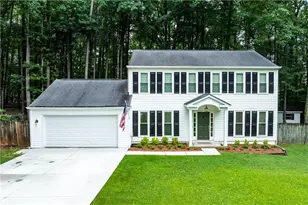 4220 Mary Ct, Peachtree Corners, GA 30092 - Photo 1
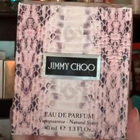 Отзыв Jimmy Choo Women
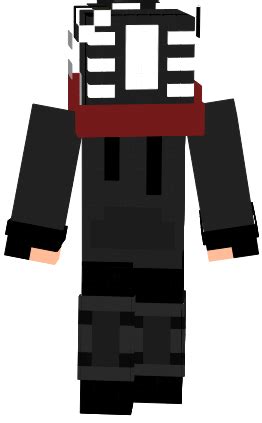 decaying winter servo | Nova Skin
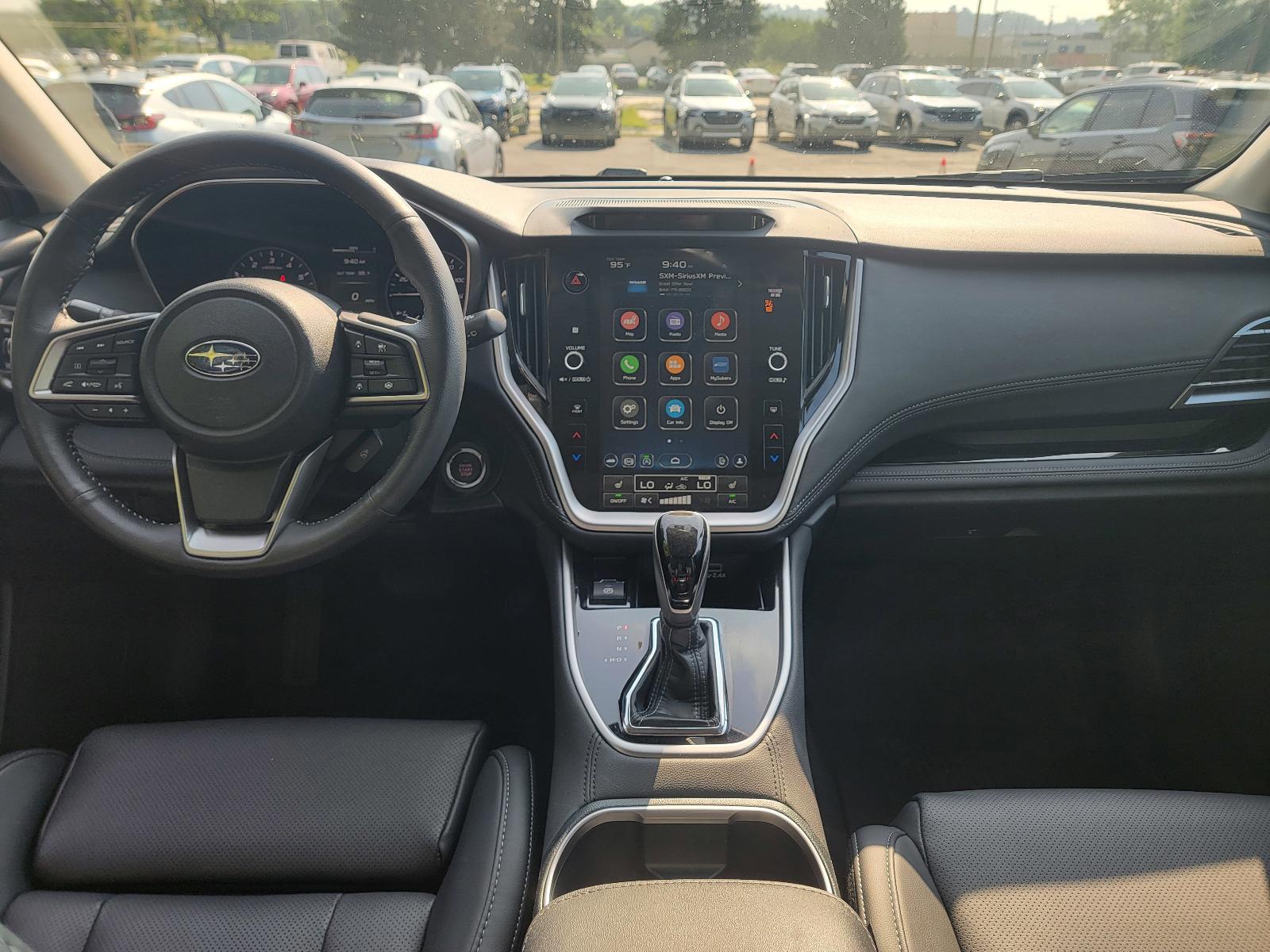 2024 Subaru Outback Vehicle Photo in Harrisburg, PA 17111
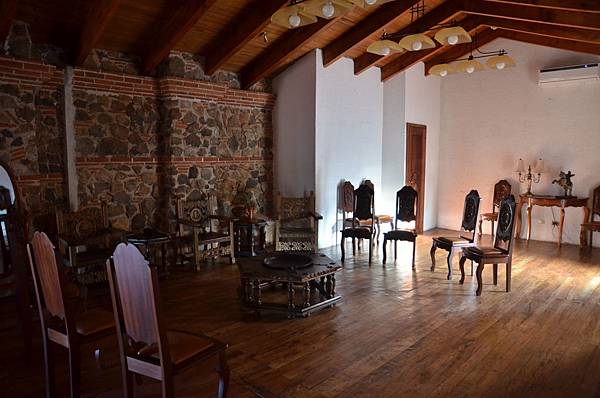 Candelaria Hotel Public place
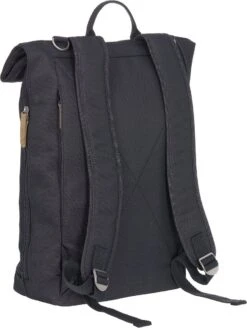 LÄSSIG Luiertas Rolltop Backpack Rugzak Incl Verschoningsmatje Denim Blauw Limited Edition 14 LÄSSIG Luiertas Rolltop Backpack Rugzak Incl Verschoningsmatje Denim Blauw Limited Edition -Babyproducten Winkel 904x1200 3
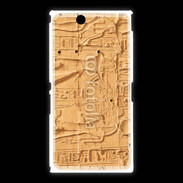 Coque Sony Xpéria Z Ultra Hiéroglyphe époque des pharaons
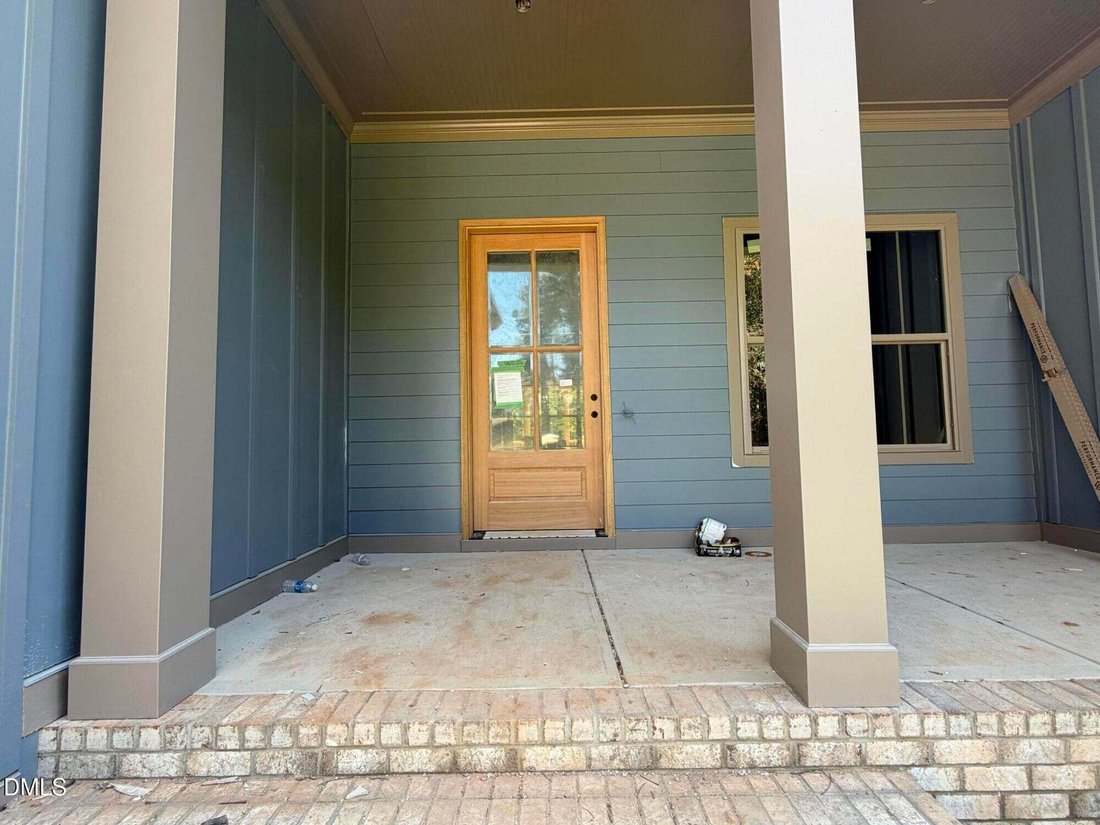 Haus in Pittsboro, North Carolina, Vereinigte Staaten 2 - 17890478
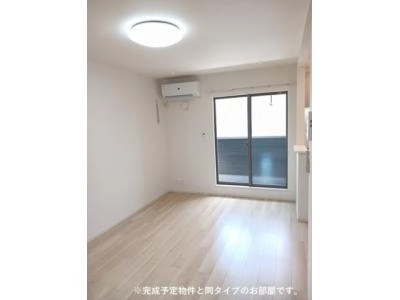 リビング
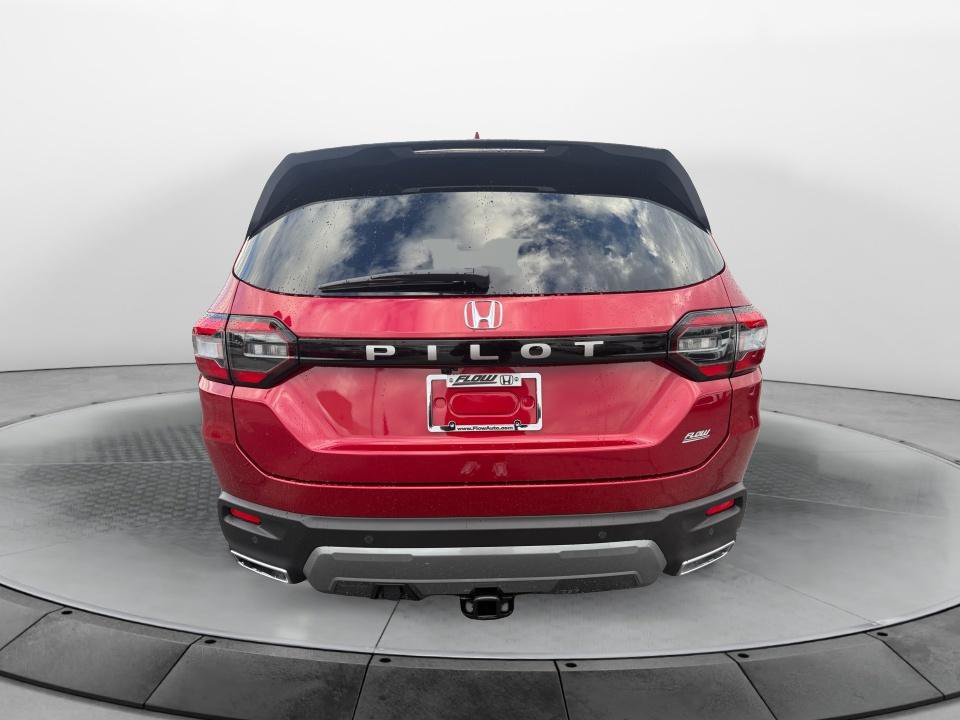 New 2026 Honda Pilot EX-L image 14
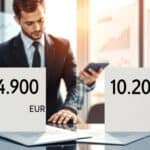 Ubezpieczyciel 4 900 EUR, a rzeczoznawca MOTOEXPERT 10 200 EUR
※ ※ ※
Problem description: Pictures in the records above should not be copied. Repeat everything else exactly.

Answer section:
 4220 Mary Ct, Peachtree Corners, GA 30092 - Photo 1
 Отзыв Jimmy Choo Women
 decaying winter servo | Nova Skin
 2024 Subaru Outback Vehicle Photo in Harrisburg, PA 17111
 Candelaria Hotel Public place
 LÄSSIG Luiertas Rolltop Backpack Rugzak Incl Verschoningsmatje Denim Blauw Limited Edition 14 LÄSSIG Luiertas Rolltop Backpack Rugzak Incl Verschoningsmatje Denim Blauw Limited Edition -Babyproducten Winkel 904x1200 3
 Coque Sony Xpéria Z Ultra Hiéroglyphe époque des pharaons
 Haus in Pittsboro, North Carolina, Vereinigte Staaten 2 - 17890478
 リビング
 New 2026 Honda Pilot EX-L image 14
 Ubezpieczyciel 4 900 EUR, a rzeczoznawca MOTOEXPERT 10 200 EUR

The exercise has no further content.